Data Schema

Schema¶

honestroles.schema centralizes column-name constants and a TypedDict for job rows. Use these symbols to keep downstream pipelines consistent.

Modules¶

schema.py: Column constants, required/known column lists, and JobsCurrentRow.

Public API reference¶

Column name constants¶

These constants are strings used as DataFrame column names:

JOB_KEY, COMPANY, SOURCE, JOB_ID
TITLE, TEAM
LOCATION_RAW, REMOTE_FLAG, REMOTE_TYPE
EMPLOYMENT_TYPE, POSTED_AT, UPDATED_AT
APPLY_URL
DESCRIPTION_HTML, DESCRIPTION_TEXT
INGESTED_AT, CONTENT_HASH, LAST_SEEN
SALARY_TEXT, SALARY_MIN, SALARY_MAX, SALARY_CURRENCY, SALARY_INTERVAL
CITY, REGION, COUNTRY
SKILLS, LANGUAGES, BENEFITS, VISA_SPONSORSHIP

`REQUIRED_COLUMNS`¶

REQUIRED_COLUMNS: set[str] is the minimal column set required by I/O validation:

JOB_KEY, COMPANY, SOURCE, JOB_ID, TITLE, LOCATION_RAW, APPLY_URL, INGESTED_AT, CONTENT_HASH

`ALL_COLUMNS`¶

ALL_COLUMNS: list[str] is a stable list of all known columns, in canonical order.

`JobsCurrentRow`¶

JobsCurrentRow is a TypedDict describing the jobs_current row shape.

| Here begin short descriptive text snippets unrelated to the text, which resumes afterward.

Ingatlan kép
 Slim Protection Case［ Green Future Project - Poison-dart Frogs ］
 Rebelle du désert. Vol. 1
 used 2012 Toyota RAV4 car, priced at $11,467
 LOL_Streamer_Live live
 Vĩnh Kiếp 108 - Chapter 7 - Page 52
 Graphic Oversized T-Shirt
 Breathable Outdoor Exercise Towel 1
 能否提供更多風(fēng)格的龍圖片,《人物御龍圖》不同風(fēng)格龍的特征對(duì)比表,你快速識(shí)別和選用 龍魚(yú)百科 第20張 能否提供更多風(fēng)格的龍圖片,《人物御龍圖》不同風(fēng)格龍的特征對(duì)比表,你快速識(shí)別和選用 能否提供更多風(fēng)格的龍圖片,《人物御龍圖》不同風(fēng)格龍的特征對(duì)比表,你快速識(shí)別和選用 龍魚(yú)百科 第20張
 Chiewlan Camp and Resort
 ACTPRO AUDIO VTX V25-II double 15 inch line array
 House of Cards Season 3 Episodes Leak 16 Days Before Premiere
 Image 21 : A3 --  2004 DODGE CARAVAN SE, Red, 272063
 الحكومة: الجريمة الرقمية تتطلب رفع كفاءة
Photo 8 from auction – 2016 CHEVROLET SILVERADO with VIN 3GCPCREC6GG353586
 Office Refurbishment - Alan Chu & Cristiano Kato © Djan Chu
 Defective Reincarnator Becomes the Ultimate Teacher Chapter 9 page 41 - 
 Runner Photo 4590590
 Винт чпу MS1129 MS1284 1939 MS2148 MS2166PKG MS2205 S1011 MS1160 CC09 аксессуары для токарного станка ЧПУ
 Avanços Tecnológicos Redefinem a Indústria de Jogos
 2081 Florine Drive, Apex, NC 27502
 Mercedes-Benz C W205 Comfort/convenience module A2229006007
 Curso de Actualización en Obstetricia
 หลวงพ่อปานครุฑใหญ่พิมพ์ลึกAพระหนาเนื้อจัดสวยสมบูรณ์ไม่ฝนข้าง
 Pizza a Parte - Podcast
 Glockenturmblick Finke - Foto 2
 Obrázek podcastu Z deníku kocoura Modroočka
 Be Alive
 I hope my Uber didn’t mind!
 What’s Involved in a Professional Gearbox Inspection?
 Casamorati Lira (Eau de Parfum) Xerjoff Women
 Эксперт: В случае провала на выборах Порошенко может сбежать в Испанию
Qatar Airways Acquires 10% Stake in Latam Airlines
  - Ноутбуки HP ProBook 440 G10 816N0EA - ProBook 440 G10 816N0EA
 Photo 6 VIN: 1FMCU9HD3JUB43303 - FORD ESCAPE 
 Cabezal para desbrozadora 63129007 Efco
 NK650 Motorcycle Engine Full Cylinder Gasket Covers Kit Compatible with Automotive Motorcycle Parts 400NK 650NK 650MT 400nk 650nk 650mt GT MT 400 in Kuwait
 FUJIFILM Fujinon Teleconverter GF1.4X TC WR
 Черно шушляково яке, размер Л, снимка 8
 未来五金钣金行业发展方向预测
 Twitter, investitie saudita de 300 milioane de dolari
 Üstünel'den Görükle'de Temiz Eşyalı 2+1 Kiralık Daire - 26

All fields are optional (total=False), but values are typed to match the schema.

Usage examples¶

from honestroles import schema

required = schema.REQUIRED_COLUMNS
all_columns = schema.ALL_COLUMNS

print(schema.TITLE)
print(schema.DESCRIPTION_TEXT)

from honestroles.schema import JobsCurrentRow

row: JobsCurrentRow = {
    "job_key": "acme::greenhouse::123",
    "company": "acme",
    "source": "greenhouse",
    "job_id": "123",
    "title": "Senior Software Engineer",
    "location_raw": "New York, NY",
    "apply_url": "https://example.com/apply",
    "ingested_at": "2025-01-01T00:00:00Z",
    "content_hash": "abc123",
}

Design notes¶

Use constants for column names to avoid typos and to simplify refactors.
Validation in honestroles.io.validate_dataframe defaults to REQUIRED_COLUMNS.